Will a new private label keep Target’s customers out of Aldi and Dollar General?
Target is introducing a new line of toiletries and household cleaning products with the goal of attracting budget-conscious shoppers to its stores and target.com.
The new line — Smartly — includes more than 70 items, such as all-purpose cleaners, body lotions, dish soap, razors and toilet paper with prices ranging from 59 cents to $11.99. Most sell for less than $2 and are targeted at consumers who purchase these items in small quantities.
“It’s about showing people that I don’t have to go to Aldi or I don’t have to go to Dollar General to find what I’m looking for,” Mark Tritton, Target’s chief merchandising officer, told The Wall Street Journal.

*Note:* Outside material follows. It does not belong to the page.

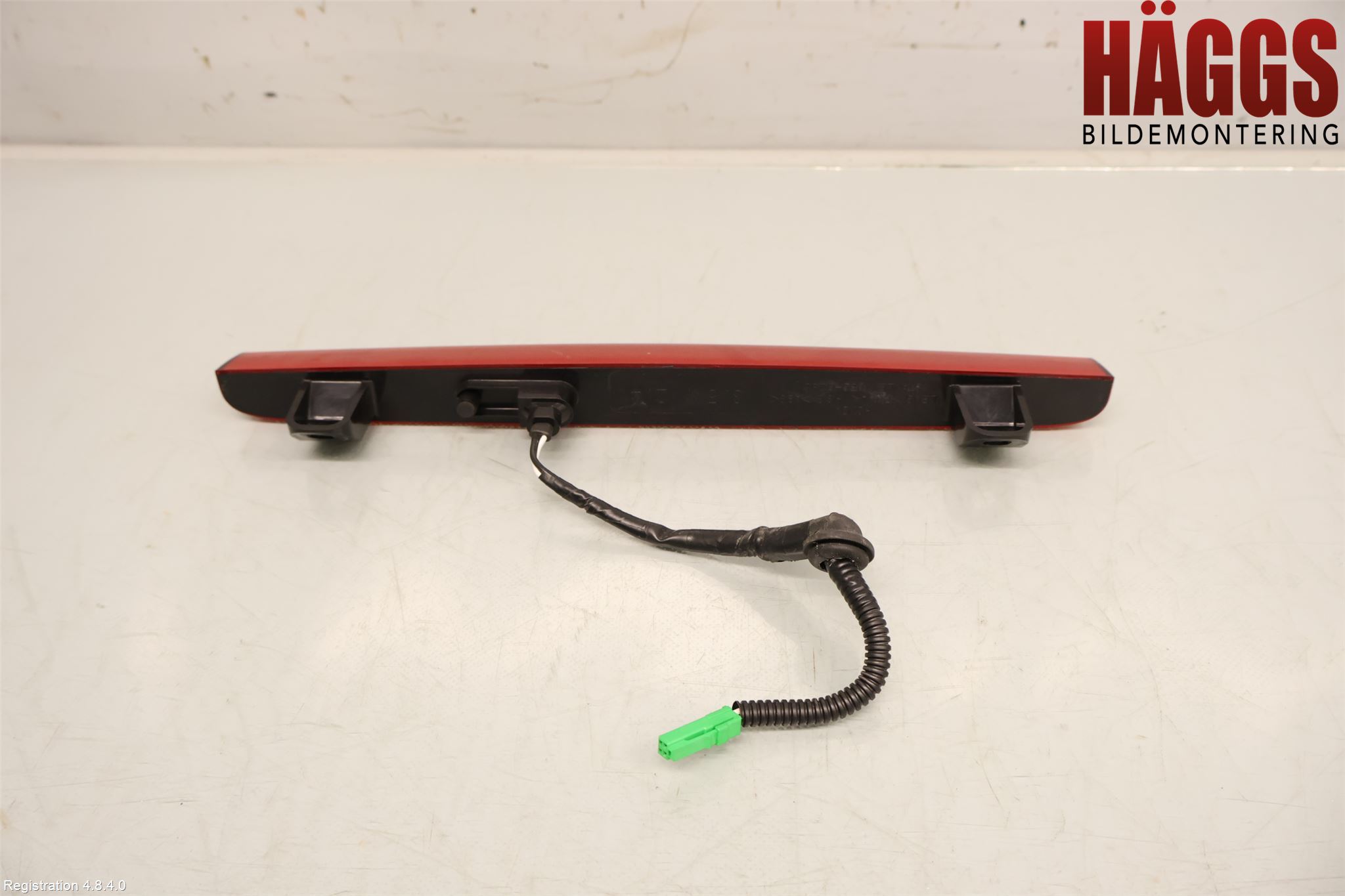 Honda CIVIC 12-16 Bromsljus Bakruta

Target will introduce the Smartly line in the middle of this month. The private label will be priced at about 70 percent less than comparable national brands made by companies such as Procter & Gamble. Smartly items, according to the Journal, will be priced at about 50 percent of Target’s own Up & Up private brand line.
While CEO Brian Cornell has lauded Target’s “enhanced and differentiated shopping experience” as the key factor driving customers to its stores and target.com, the retailer has also touted price competitiveness as a key element in its strategic plan. Target continually emphasizes, for example, that holders of its REDcard credit cards receive an additional five percent discount off purchases from the chain. The retailer’s popular Cartwheel program also offers additional discounts of five percent and higher on items throughout the store.
Mr. Cornell has been willing to sacrifice profits in some areas such as home delivery to compete with larger rivals, Amazon.com and Walmart. During the summer, for example, the retailer announced that it would offer free next day delivery to holders of its REDcard on orders from Target Restock, the chain’s answer to Amazon’s Prime Pantry program.
Target’s combined comp sales grew 6.5 percent during the second quarter as revenues at it stores improved 4.9 percent and online jumped 41 percent. It reported 6.4 percent traffic growth, the highest quarterly increase at the chain since 2008.
DISCUSSION QUESTION: How do you see Target’s new Smartly line fitting in with its private and exclusive label strategy? Will the new line be successful in keeping a greater percentage of its budget-conscious shoppers from going to rivals such as Aldi and Dollar General?